Os especialistas defendem que o apoio a Israel desempenha papel simbólico na identidade política alemã contemporânea, como demonstração de que o país já aprendeu com seu passado.
Para Mendel, esta política "se transformou em uma espécie de consenso, da extrema esquerda à extrema direita, em todo o espectro político alemão".
Aliança econômica, militar e diplomática
A história pode ser o fator determinante, mas as relações entre a Alemanha e Israel possuem uma base estratégica que também engloba a economia, a defesa e a diplomacia.
O Estado alemão, atualmente, é o principal parceiro comercial de Israel na União Europeia. O intercâmbio entre os dois países inclui os setores de tecnologia, inovação, infraestrutura e cooperação científica.
Nos últimos anos, a Alemanha dominou quase 20% do total do comércio de Israel com a União Europeia, ocupando o primeiro lugar do bloco, muito acima dos demais países, como a França e a Itália.
No setor de defesa, os alemães são o segundo maior fornecedor de armamentos para Israel, atrás apenas dos Estados Unidos.
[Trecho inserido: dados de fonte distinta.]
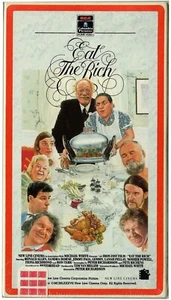 Eat The Rich (Dir: Peter Richardson) Factory Sealed VHS (Rare OOP) Nosher Powell - Picture 1 of 2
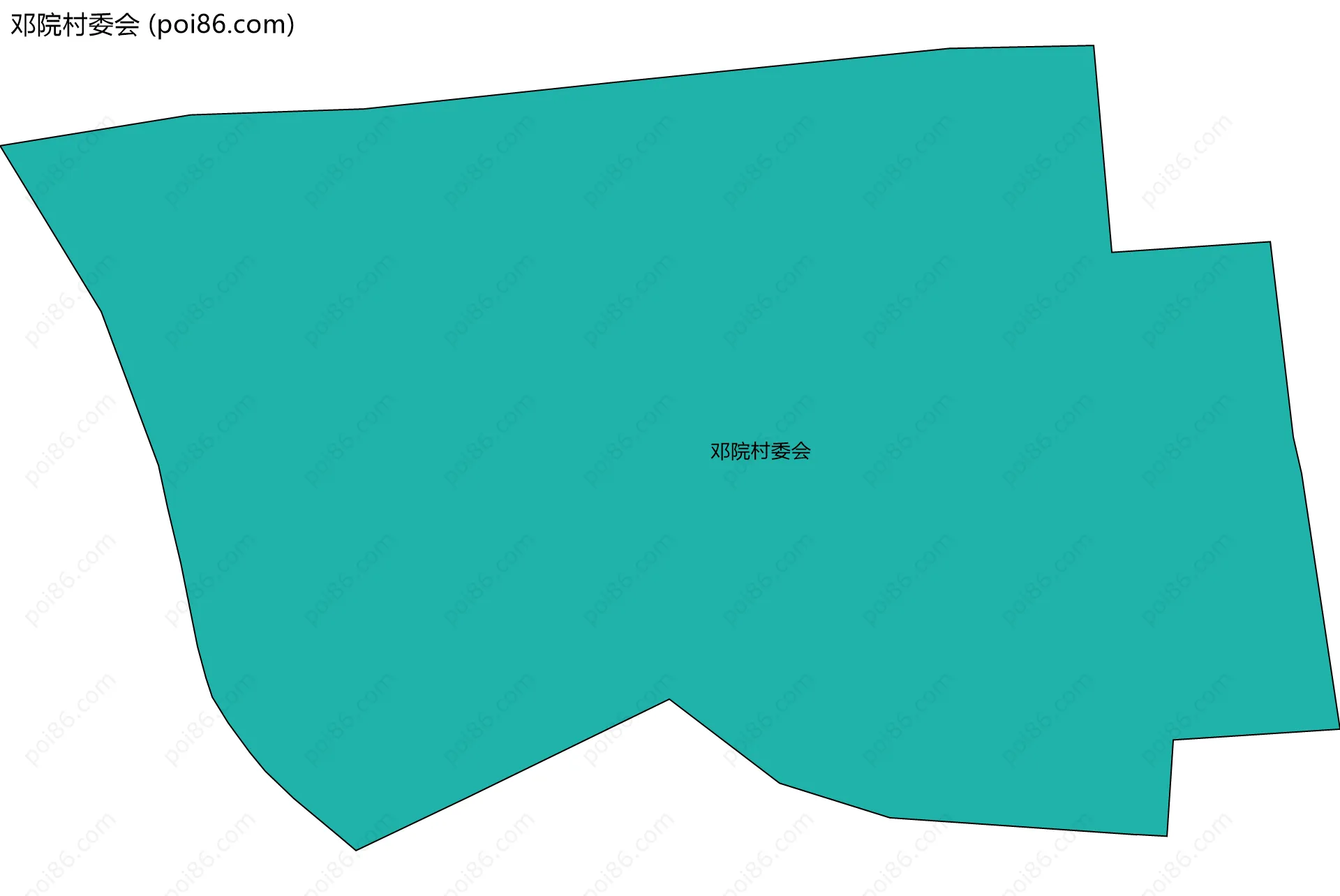 邓院村委会边界地图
As exportações incluem submarinos, sistemas de defesa aérea e tecnologia para tanques.
Desde o ataque do Hamas, em outubro de 2023, Berlim forneceu armamentos ao seu aliado no valor de cerca de US$ 500 milhões (cerca de R$ 2,8 bilhões), segundo o jornal britânico Financial Times.

Por outro lado, Israel também mantém contratos significativos de venda de armas para a Alemanha, como o sistema antimísseis Arrow 3, adquirido por Berlim ao custo aproximado de US$ 3,5 bilhões (cerca de R$ 19,6 bilhões).
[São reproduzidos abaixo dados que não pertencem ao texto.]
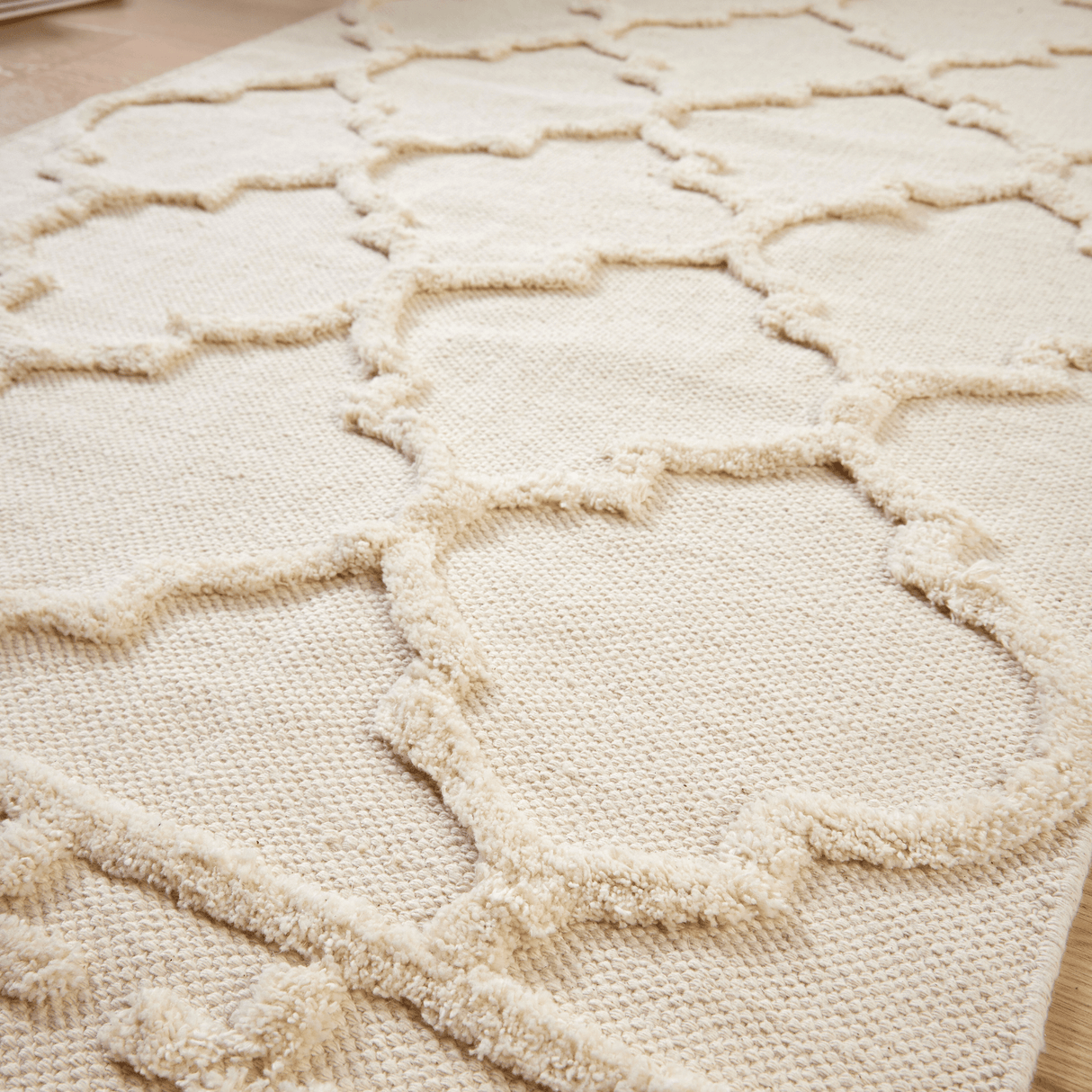 Marrakesh Hand Woven Cotton Rug by OLIVIA ROCCO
Além do comércio e da defesa, os vínculos também se estendem à inteligência e à diplomacia. Os dois países cooperam em organismos multilaterais, como a ONU e a União Europeia, nos quais a Alemanha costuma se alinhar às posições israelenses ou contrabalançar as críticas internacionais.
Israel e Alemanha também mantêm diversos programas educativos e culturais, como cidades-irmãs e intercâmbios juvenis e acadêmicos.
Para Küntzel, o estreito vínculo bilateral se deve, em parte, ao fato de que Israel é uma democracia plena em uma região muito estável, que é o Oriente Médio. Por isso, a Alemanha acredita que suas relações possuem importância estratégica frente ao Irã e potências como a Rússia e a China.
Brenner argumenta que o fator geoestratégico é importante, mas, "sem o histórico do Holocausto, esta cooperação nunca teria atingido tamanha profundidade".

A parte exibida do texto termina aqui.